Best Value Red: Nepenthe 2004 “Tryst” Cabernet Tempranillo Zinfandel … at $13.95 it’s a steal for those who like their wines with some spicy nuances in both the nose and the taste. I’m told it will be available in Vintages come the new year, so keep your eyes open for it. Nepenthe is slowly becoming one of my favourite Australian producers. Their ‘Rogue’ was in the Vintages section a few months back and is a delicious blend of Cabernet-Merlot-and-Shiraz … we should see it again next year.

Other wines of note are:
The Banrock Station 2002 Reserve Petit Verdot ($18.95) – this one should be available in Vintages spring of 2007; not just a curiousity, but a very good wine for everyday occasions.
Speaking of being curious, for those curious about Australian Zinfandel there’s a wonderful Nepenthe version that was in Vintages these past few months, a little pricey at $24.95 but quite tasty. Keep checking back as the LCBO should be ordering more.
Pangkerra 2005 Grenache, which should see Vintages’ shelves come February 2007 and is priced reasonably at $18.95. It’s smooth and easy drinking and ready for consumption now.

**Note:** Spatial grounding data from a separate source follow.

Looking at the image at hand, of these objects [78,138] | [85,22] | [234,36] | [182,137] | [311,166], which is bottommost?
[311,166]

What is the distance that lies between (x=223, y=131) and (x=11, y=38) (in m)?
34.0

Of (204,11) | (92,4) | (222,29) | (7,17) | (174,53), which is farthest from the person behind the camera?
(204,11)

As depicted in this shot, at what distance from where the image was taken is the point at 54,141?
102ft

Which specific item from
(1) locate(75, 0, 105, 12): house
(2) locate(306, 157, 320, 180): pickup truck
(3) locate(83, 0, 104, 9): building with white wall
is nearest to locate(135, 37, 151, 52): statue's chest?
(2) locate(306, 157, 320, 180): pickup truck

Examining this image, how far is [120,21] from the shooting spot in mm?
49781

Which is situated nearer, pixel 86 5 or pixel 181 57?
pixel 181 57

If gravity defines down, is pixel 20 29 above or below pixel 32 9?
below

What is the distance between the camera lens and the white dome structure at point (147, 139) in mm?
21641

Finally, there were two sweet wines that were absolutely stunning. Now I have to admit when I think of Australia I do not think about sweet wine. Where we here in Ontario make our most famous sweet wine based on the cold temperature (icewine) the Australians use Noble Rot (Botrytis affected berries) … those in the know, know that this makes a very intense flavourful wine when done right; if you do not know, I would suggest finding yourself some of these wines and really enjoy something special. First there’s the Wolf Blass 2004 Gold Label Botrytis Affected Semillon ($19.95) – sweet apricot and apple with a honeyed fruit finish … it’s available right now in Vintages. The second, and my favourite wine of the afternoon event, will be in Vintages February of 2007 for the same price as the Blass, but with more complex candied fruit and honey flavours. Lillypilly 2002 Noble Blend ($19.95) is 80% Sauvignon Blanc; 10% Semillon; 5% Muscat of Alexandria and 5% Riesling – all having been affected by Botrytis and the complexity of both the nose and taste is amazing. Unfortunately, totally indescribable unless you’ve tasted it, especially, in the confines of this small, but growing, article. The best things I can say are that it lingers long and luscious in the mouth … a wine remembered long after the last sip has been taken and the bottle totally consumed. Come February 7th you’ll be seeing me lined up outside the door of my local LCBO location first thing in the morning – it’s that darn good. I may not even share it with anyone.

Australia is doing some amazing stuff beyond the usual Shiraz and have been for years. You’ll notice in this report I did not mention any Shiraz’s; that’s because we all know the Australians are doing that right – it’s what they made their name from – I was interested to see what else they were doing right … and as this show showed, Australia is a lot more than just the one trick pony of Shiraz, a lot more.